La réalisatrice Rania Stephan. Photo Carine Khalaf
Quelle relation entretenez-vous avec l’actrice égyptienne Soad Hosni ?
Ma relation avec Soad Hosni dure depuis longtemps. Depuis que j’étais étudiante en audiovisuel, j’ai appris tous les courants cinématographiques, de la nouvelle vague au cinéma expérimental. Mais jamais le cinéma arabe. Un jour, je suis tombée par hasard sur un long-métrage de Soad Hosni et j’ai été éblouie par sa performance et par l’intérêt du film. Du coup, je me suis mise à voir toutes ses œuvres. Ma thèse a même porté sur cette actrice en tant qu’héroïne du cinéma populaire. Et ce n’est qu’après sa mort que j’ai décidé de lui rendre hommage en retraçant sa propre histoire personnelle à travers tous ses films.
Un hommage que vous rendez au cinéma égyptien également ?
Oui, exactement.
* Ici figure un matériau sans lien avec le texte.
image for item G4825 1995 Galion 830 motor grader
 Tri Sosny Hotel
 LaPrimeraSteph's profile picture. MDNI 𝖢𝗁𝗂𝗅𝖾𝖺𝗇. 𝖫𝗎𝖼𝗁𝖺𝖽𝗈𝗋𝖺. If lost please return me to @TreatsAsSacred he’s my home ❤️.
J’ai toujours pensé que le cinéma égyptien n’a jamais été reconnu comme il le fallait. Et c’est à travers Soad Hosni que j’ai eu la chance de célébrer ce cinéma, porte-parole du 7e art arabe.
Que voulez-vous dire par les « 3 disparitions » dans le titre du film ?
L’idée principale était la disparition tragique de l’actrice. Mais en faisant mes recherches, je me suis rendu compte que la vie professionnelle de Hosni a évolué simultanément avec le cinéma égyptien. À partir des années 2000, ce cinéma s’est mis à régresser et la vidéo à disparaître. Je peux alors dire que la disparition de « Sousou » (j’aime à l’appeler ainsi) a marqué un tournant dans l’industrie du cinéma égyptien. Cela est mon point de vue, car je souhaite garder au spectateur cette liberté d’interpréter ce chiffre 3 à sa manière.
Combien de temps a nécessité ce film ? Parlez-nous un peu de votre démarche.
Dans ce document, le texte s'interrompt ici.